What Factors Affect Life Span With Friedreich Ataxia?

Not everyone with Friedreich ataxia has the same life expectancy or risk of premature death. Several factors can affect life expectancy with Friedreich ataxia.

Condition Severity

The severity of Friedreich ataxia and its complications can affect how long someone is expected to live. More severe symptoms and a wide range of complications, including diabetes and heart disease, may reduce life expectancy.

Age at Onset

About 85 percent of people with Friedreich ataxia are diagnosed between ages 5 and 25. In rare cases, the condition is diagnosed in infancy or later in adulthood.

People diagnosed at younger ages typically have a shorter life expectancy than those diagnosed in late adolescence or in adulthood. Early-onset Friedreich ataxia (when symptoms begin before age 7) is linked to faster disease progression and more severe ataxia symptoms.

Heart Involvement

Heart complications are the leading cause of early death in people with Friedreich ataxia. More than half of people with the condition develop heart complications, and those who do tend to have a shorter life expectancy.

What Causes Premature Death in Friedreich Ataxia?

Friedreich ataxia can be fatal because of life-threatening complications. Because Friedreich ataxia is progressive, many people develop complications over time.

Cardiac Dysfunction

Congestive heart failure and arrhythmias (abnormal heart rhythms) that lead to heart failure account for over 50 percent of deaths in people with Friedreich ataxia. Many people also develop other heart conditions that can affect life expectancy, including ischemic heart disease (narrowing of the heart’s arteries) and hypertrophic cardiomyopathy (thickening of the heart muscle).

Aspiration Pneumonia

As Friedreich ataxia progresses, increasing nervous system dysfunction can make it harder to chew and swallow. This can lead to aspiration pneumonia, a serious lung infection that happens when food, liquid, or saliva enters the lungs instead of the stomach.

Diabetes Complications

Many people with Friedreich ataxia eventually develop diabetes, which can cause life-threatening complications if it isn’t well managed. One possible complication is a diabetic coma, which can result from dangerously high blood sugar or dangerously low blood sugar.

How Can You Reduce the Risk of Premature Death in Friedreich Ataxia?

If you or a loved one has Friedreich ataxia, you can take steps to help lower the risk of early death while improving quality of life. Managing Friedreich ataxia and any complications can improve your prognosis (outlook) and may help you live longer.

Routine Cardiac Monitoring

Routine cardiac monitoring involves regular tests to check how well your heart is working. These tests can help detect heart problems as quickly as possible so your care team can treat them. Your Friedreich ataxia specialist may recommend the following tests:

  • Electrocardiogram (ECG) — An ECG measures the heart’s electrical activity and can detect arrhythmias. Many doctors and researchers recommend having an ECG at least once a year.
  • Echocardiogram — An echocardiogram uses sound waves to create moving images of the heart. Getting an echocardiogram at least once a year is generally recommended.
  • Cardiac MRI scan — This imaging test provides detailed pictures of the heart muscle. It can show changes such as thickening and scarring.

Treatment of Heart Complications

Your Friedreich ataxia specialist may prescribe medications such as ACE inhibitors or angiotensin 2 receptor blockers to help manage heart complications.

If you develop heart failure, your doctor may recommend an implanted device, such as a pacemaker, to help your heart work properly.

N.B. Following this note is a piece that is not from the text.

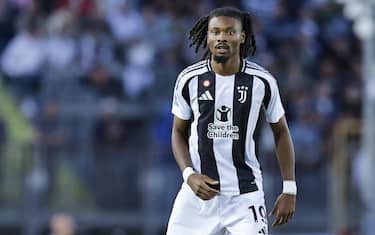 Genoa-Juventus, sabato ore 18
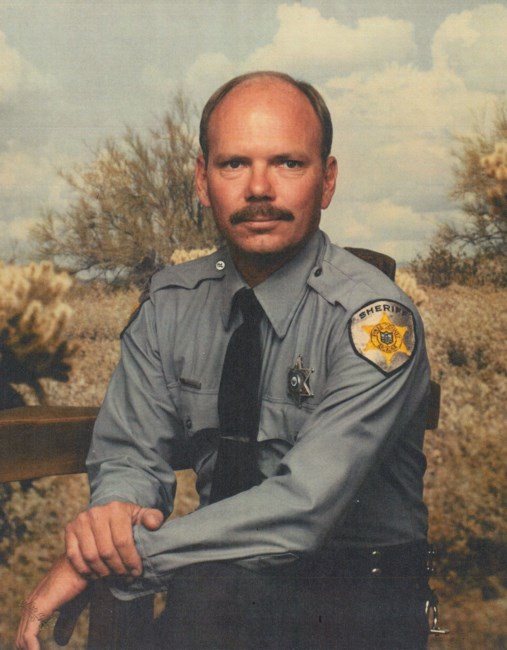 Obituary of Michael Ewing Nichols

In severe cases, a heart transplant may be an option.

Diabetes Screening and Management

Because around 30 percent of people with Friedreich ataxia develop diabetes, many health experts recommend annual diabetes screening. This usually includes blood tests that measure blood sugar levels, such as a fasting glucose test.

If you or your child develops diabetes, treatment should become part of your overall Friedreich ataxia care plan. Diabetes management focuses on keeping blood sugar in a healthy range and may include insulin or other medications.

Mobility and Swallowing Support

As Friedreich ataxia progresses, you or your child may need extra support for mobility. On average, people need a wheelchair about 10 years after symptoms begin. Mobility aids, occupational therapy, and physical therapy can help lower the risk of falls and serious injuries that can happen when Friedreich ataxia affects walking.

Speech therapy can help with swallowing problems as Friedreich ataxia progresses. This may reduce the risk of choking and aspiration pneumonia.

Support From a Neuromuscular Specialty Center

Getting care at a neuromuscular or ataxia specialty center can help you or your child receive comprehensive care. Specialists have experience in treating Friedreich ataxia and can offer personalized treatment recommendations.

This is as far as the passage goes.